By blending large, mid-, small, and micro-cap stocks across growth and value styles, ITOT effectively reduces single-stock and sector risk. It enables investors to gain full market exposure without needing a complex portfolio of individual holdings.


2. Cost and Tax Advantages

Low fees mean more return stays with the investor. Moreover, ITOT's tax structure limits distributions are crucial for those in taxable accounts trying to avoid surprise tax events.


3. Suitable for Core Allocation

ITOT embodies the idea of "owning the market." It's especially suitable for investors who want passive exposure to U.S. equities and who don't want to spend time choosing individual stocks or sectors.


"How to Use ITOT" Scenarios

1) Core-and-Satellite Approach

Combine ITOT with an international equity ETF (e.g., IXUS or VEU) and a bond fund or ETF (e.g., BND or AGG) to build a balanced portfolio. Use ITOT as your core U.S. equity position.


2) Retirement Accounts

It is suitable for IRAs or 401(k)s due to long-term growth and tax efficiency. Investors can rebalance annually or semi-annually by adjusting their weightings.


3) Taxable Accounts

Since capital gains from fund-level transactions are limited, the investor retains control over capital gains, making ITOT a strong tax advantage in ETFs compared to mutual funds.


Risk Factors to Monitor

Despite numerous advantages, ITOT still has risks. Small-cap exposure can result in outsized drawdowns during market storms. Additionally, global geopolitical and trade tensions may indirectly influence U.S.-oriented ETFs such as ITOT.
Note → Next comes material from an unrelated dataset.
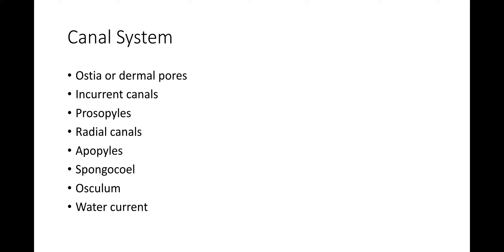Incurrent canals are the invaginated folds of body wall and are also called inhalant canals. These communicate with the outside through ostia but end blindly at their inner ends. Pinacocytes line these canals throughout.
Tracking error remains low, but minor performance gaps can appear during volatile periods. Canadian investors should also consider U.S. tax treaties and any dividend withholding consequences.


Conclusion


In conclusion, ITOT is a strong idea at a time when convenience, cost, and choice are crucial. Its comprehensive U.S. exposure, rock-bottom expense ratio, and tax benefits make it ideal for investors of all types, from DIY beginners to seasoned advisors building portfolios.


If your objective is to acquire a substantial portion of the U.S. stock market with minimal effort and predictable results, ITOT is a standout option. However, remember to complement it with international and fixed-income ETFs to complete your diversified strategy.


Disclaimer: This material is for general information purposes only and is not intended as (and should not be considered to be) financial, investment or other advice on which reliance should be placed. No opinion given in the material constitutes a recommendation by EBC or the author that any particular investment, security, transaction or investment strategy is suitable for any specific person.